Bom Bunuh Diri Sekeluarga yang Mengguncang Surabaya

Pada pagi itu, aku sedang dilanda perasaan yang sangat jengkel. Dikarenakan
semalam aku bertengkar dengan ibuku. Bukan hal yang besar sampai harus bertengkar,
namun aku merasa pendapatku benar dan aku tidak terima ketika ibuku memberikan saran
yang lain atas pendapatku itu. Dengan rasa jengkel yang masih tersimpan di hatiku, aku pun
mengurung diri di dalam kamar.

Ketika aku sedang asyik menonton drama kesukaanku di laptop, aku mendengar suara
ketukan pintu kamar dan suara ibuku yang memanggil namaku.

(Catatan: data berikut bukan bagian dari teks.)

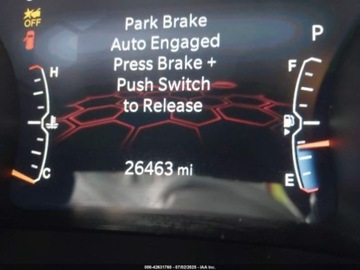 Jeep Compass II 2024 Jeep Compass 2024 Jeep Compass Latitude 4x4 2.0 Benzyna 200KM, zdjęcie 14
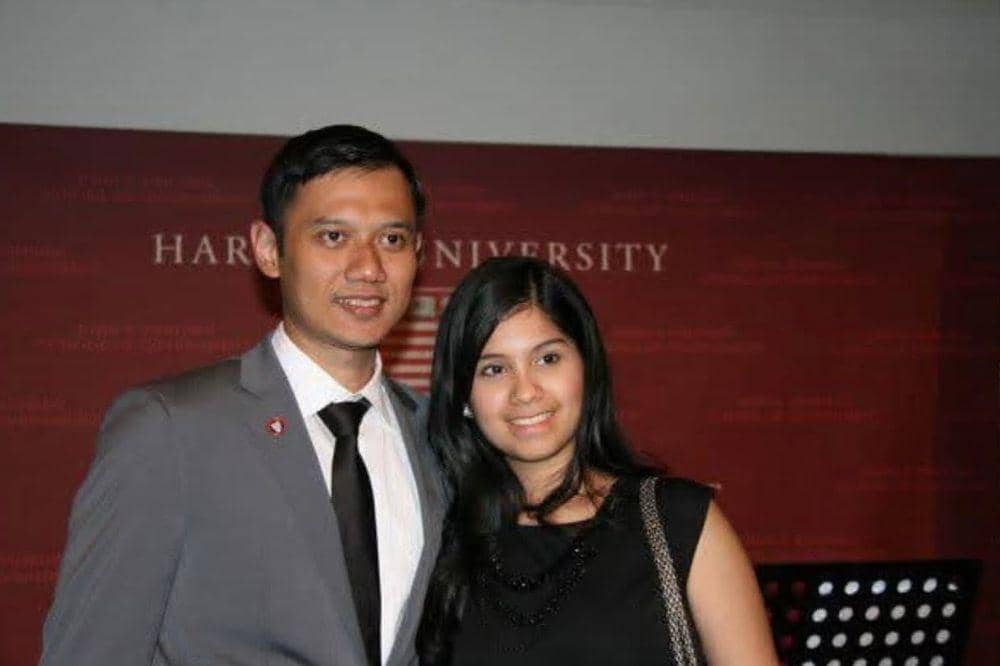 Annisa Pohan bagikan momen jelang nikah 1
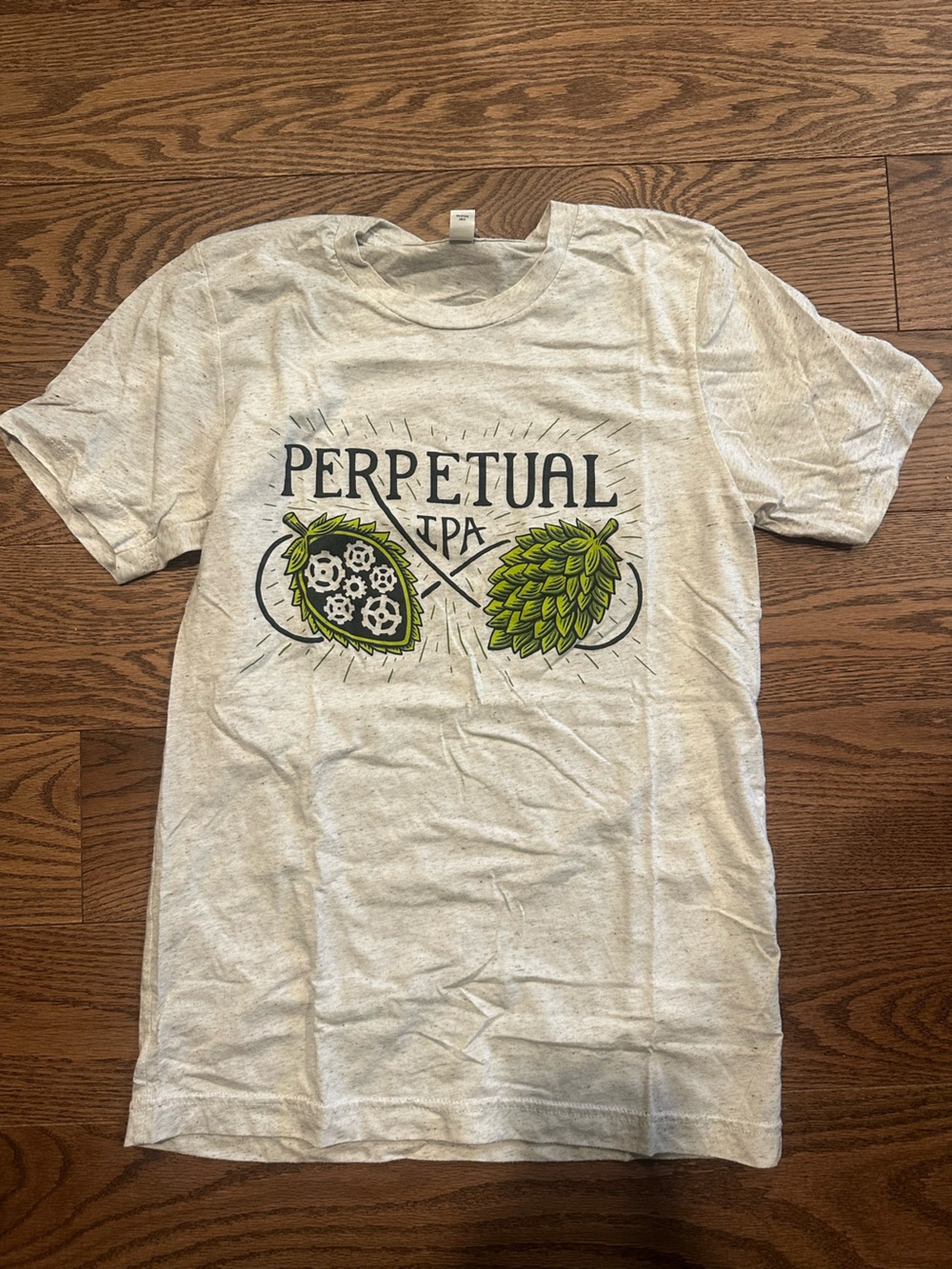 Troeg’s Perpetual IPA Graphic Tee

Sebenarnya aku enggan
membukakan pintu kama, tetapi akhirnya aku bukalah pintu kamar itu. Terlihatlah sosok ibu
yang memakai pakaian rapi layaknya orang ingin pergi. “Nak... ibu sama ayah ada urusan
pekerjaan mendadak di luar kota, kamu sendiri di rumah tidak apa-apa kan?”, tanya Ibu.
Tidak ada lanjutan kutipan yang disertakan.